**Goal of the exercise:**
Transcribe only the stretch of lines that opens with the line containing "Guitarist Carrie Yost" and closes with the last line of the listing, skipping pictures.

═══ Raw data

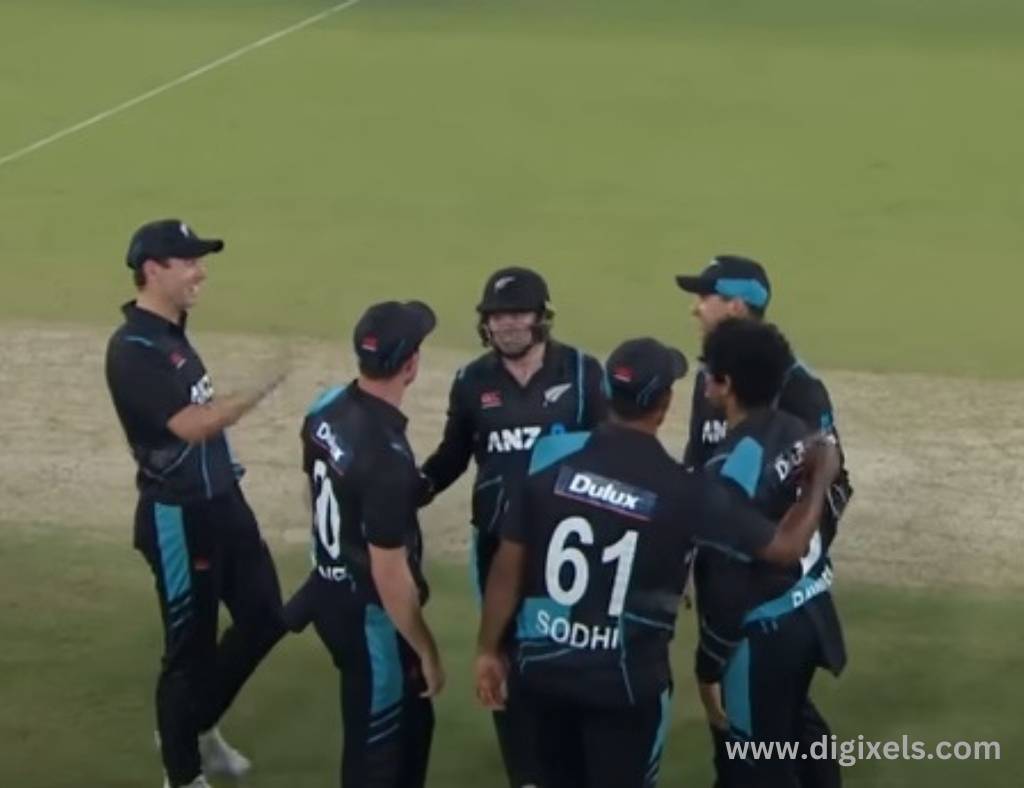 Cricket images of New Zealand players celebrating, gathering together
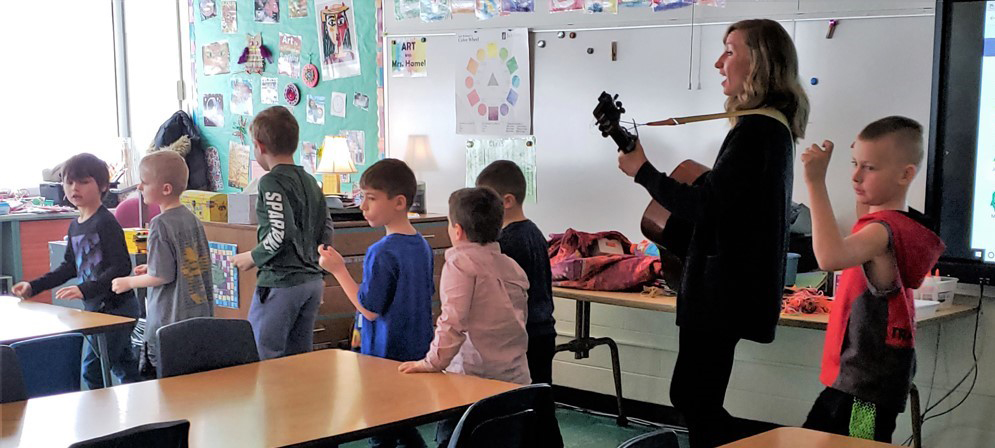 Guitarist Carrie Yost leading elementary students around a classroom as they sing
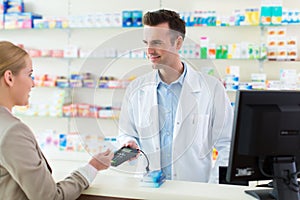 Pharmacist and client at pharmacy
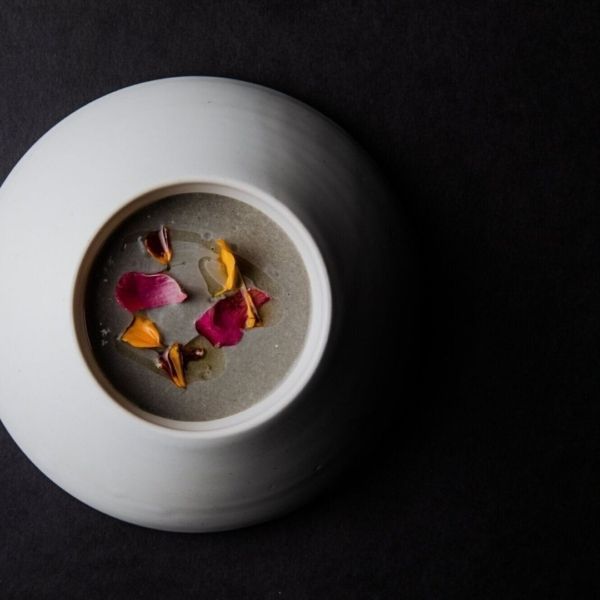 White bowl with gray soup, garnished with colorful flower petals, on a black surface.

══════

**Task answer:**
 Guitarist Carrie Yost leading elementary students around a classroom as they sing
 Pharmacist and client at pharmacy
 White bowl with gray soup, garnished with colorful flower petals, on a black surface.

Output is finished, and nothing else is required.